Advanced Life Support Protocols in Modern Healthcare

Advanced life support protocols are rapidly evolving; and with it, the different branches of modern medicine. Cardiology, nephrology, and intensive care lead the pack. The integrations of advanced life support protocols in Cardiology are particularly interesting. In recent years, researchers have published hundreds of studies evaluating the direct impacts of these integrations on patient outcomes and disease prognosis. These studies largely point to a common conclusion: advanced life support systems are critical interventions in modern medicine. 

Key Takeaways

  • The CASA protocol uses ultrasound during CPR to identify treatable causes of cardiac arrest and improve survival rates.
  • It has three steps: check for pericardial effusion, assess right ventricular strain, and evaluate cardiac activity.
  • Ultrasound helps minimize CPR interruptions by streamlining diagnosis and guiding interventions.
  • Using adjunct techniques like pre-pause echo setup and quick reviews during CPR enhances effectiveness.
  • Proper application of CASA with POCUS improves emergency care and patient outcomes during cardiac arrests.

POCUS in Cardiology

Point of care ultrasound (POCUS) is used frequently in emergency and intensive care departments. Outpatient, ambulatory, and in-patient clinical settings leverage POCUS for both diagnostics and vital monitoring. 

Next-gen and AI-enabled imaging technologies, as deployed in POCUS, offer pixel-perfect visualization of the cardiovascular architecture – not just in viewing how the heart pumps, but also to optimize the intricacies of vascular access in cardiac surgery (1). In modern medical practice, its clinical adoption covers the evaluation of major cardiac pathologies including pulmonary embolism, congestive heart failure, valve disease, and cardiac arrest.

Now, beyond its conventionally adopted usage, POCUS is fast gaining acceptance in a different aspect of cardiology: cardiopulmonary resuscitation. Cardiac arrest contributes large numbers to the annual global mortality figures. 
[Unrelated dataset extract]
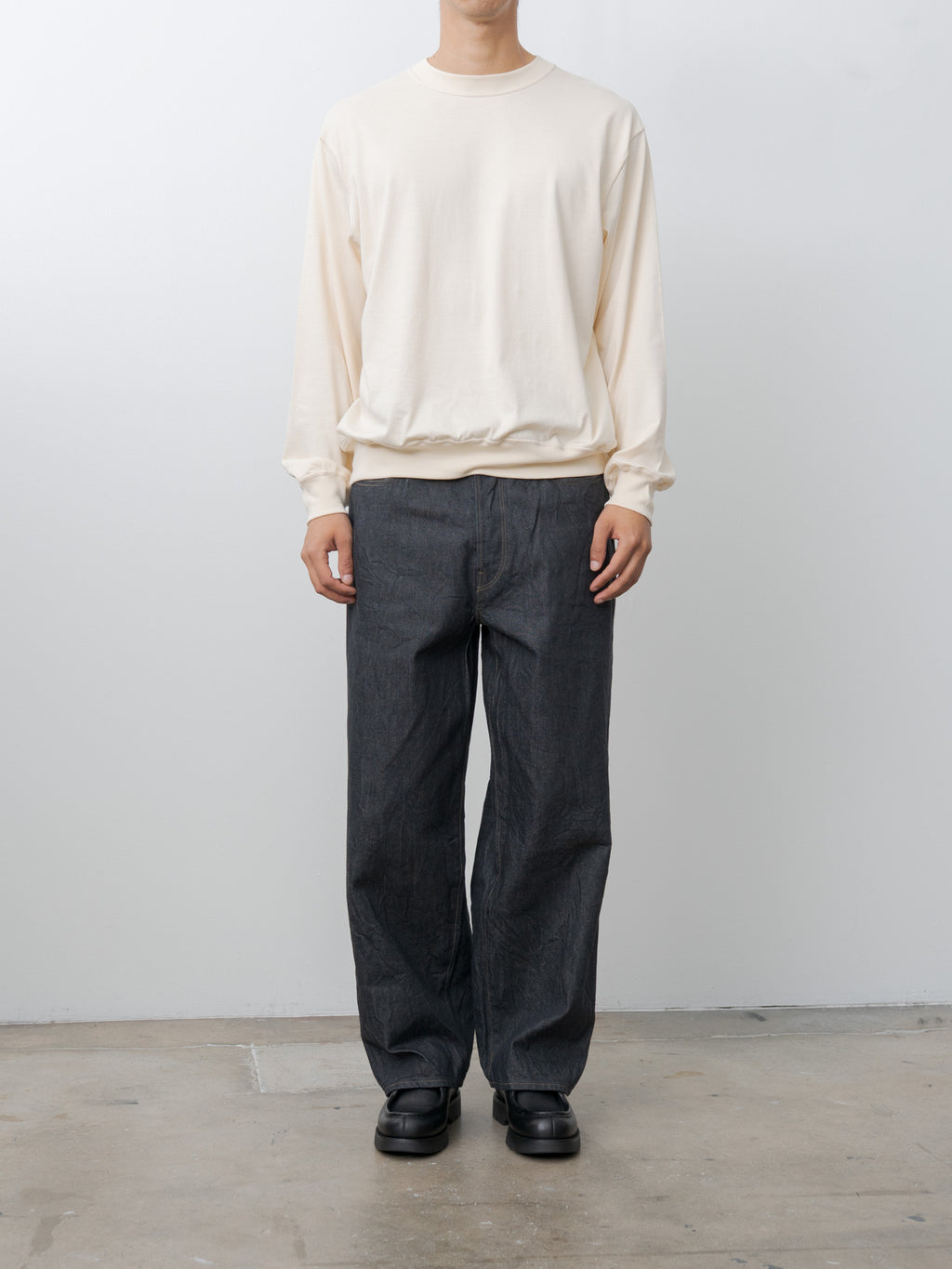 Namu Shop - Blurhms 13.5oz Denim Pants Wide - Sulfur Black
In the United States alone, an estimated 356,000 out-of-hospital cardiac arrest cases are reported annually. About 90 percent are fatal, with the survival at hospital discharge pegged at 10.4%, and survival with good functional status pegged at 8.4% (2). 

Annually, in-hospital cardiac arrest estimates stand at 209,000 in the United States, with an average survival ratio of 24.8%, and survival to discharge from hospital ratio of 11.4% (2). The stats for both clinical settings affirm a simple conclusion: there is an urgent need to optimize emergency cardiac care practices including cardiac resuscitation. An effective cardiac resuscitation combines high-quality cardiopulmonary resuscitation with early defibrillation for defibrillate rhythms in an attempt to end cardiopulmonary arrest.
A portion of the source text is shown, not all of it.